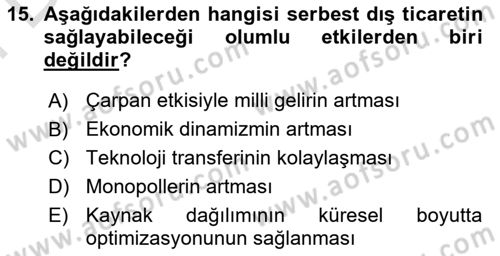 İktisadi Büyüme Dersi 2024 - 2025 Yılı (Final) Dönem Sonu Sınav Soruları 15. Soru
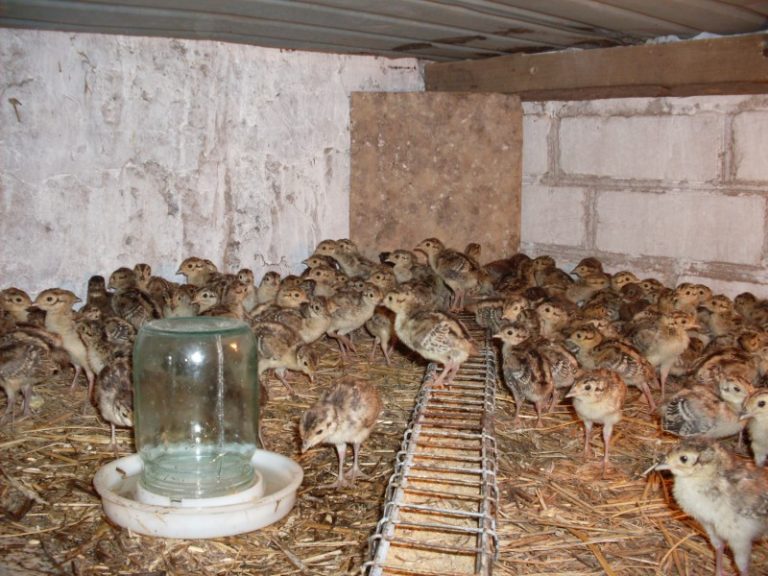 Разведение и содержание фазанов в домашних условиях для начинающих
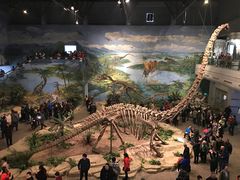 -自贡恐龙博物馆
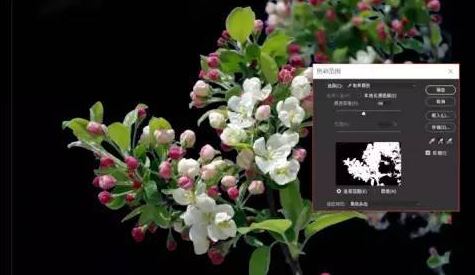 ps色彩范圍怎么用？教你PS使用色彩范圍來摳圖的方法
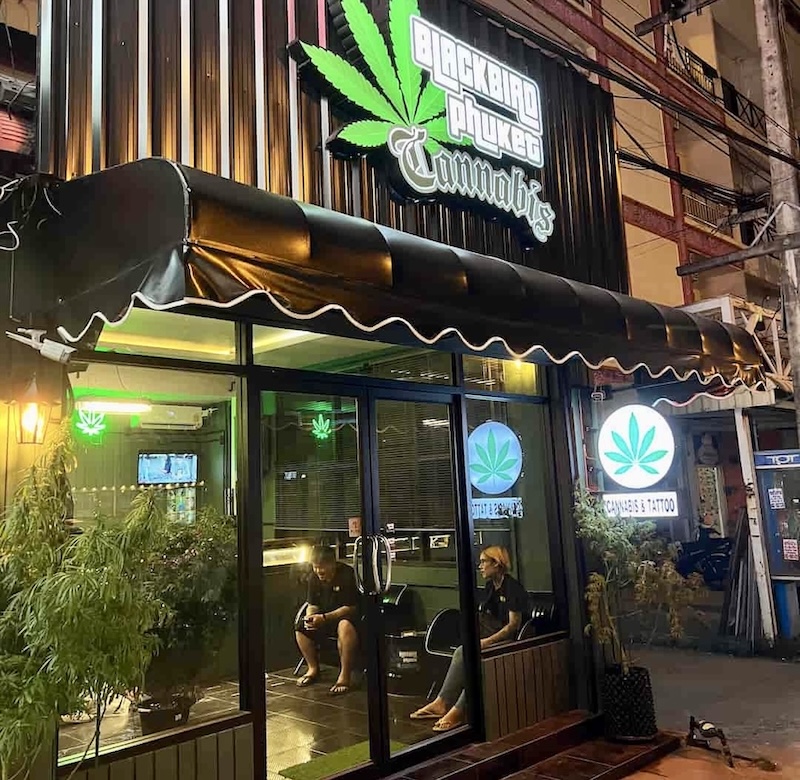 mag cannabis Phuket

──────────

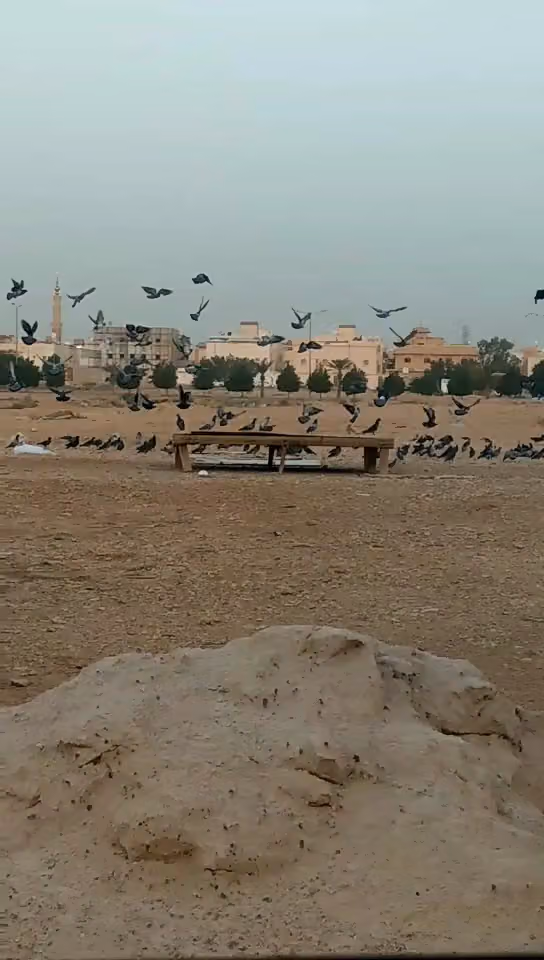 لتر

──────────

WHAT IS EXPECTED | Copy only what lies between the line with "İktisadi Büyüme Dersi" and the line with "mag cannabis Phuket", those two lines included, exactly as given above; pictures stay out.

ANSWER BOX |
 İktisadi Büyüme Dersi 2024 - 2025 Yılı (Final) Dönem Sonu Sınav Soruları 15. Soru
 Разведение и содержание фазанов в домашних условиях для начинающих
 -自贡恐龙博物馆
 ps色彩范圍怎么用？教你PS使用色彩范圍來摳圖的方法
 mag cannabis Phuket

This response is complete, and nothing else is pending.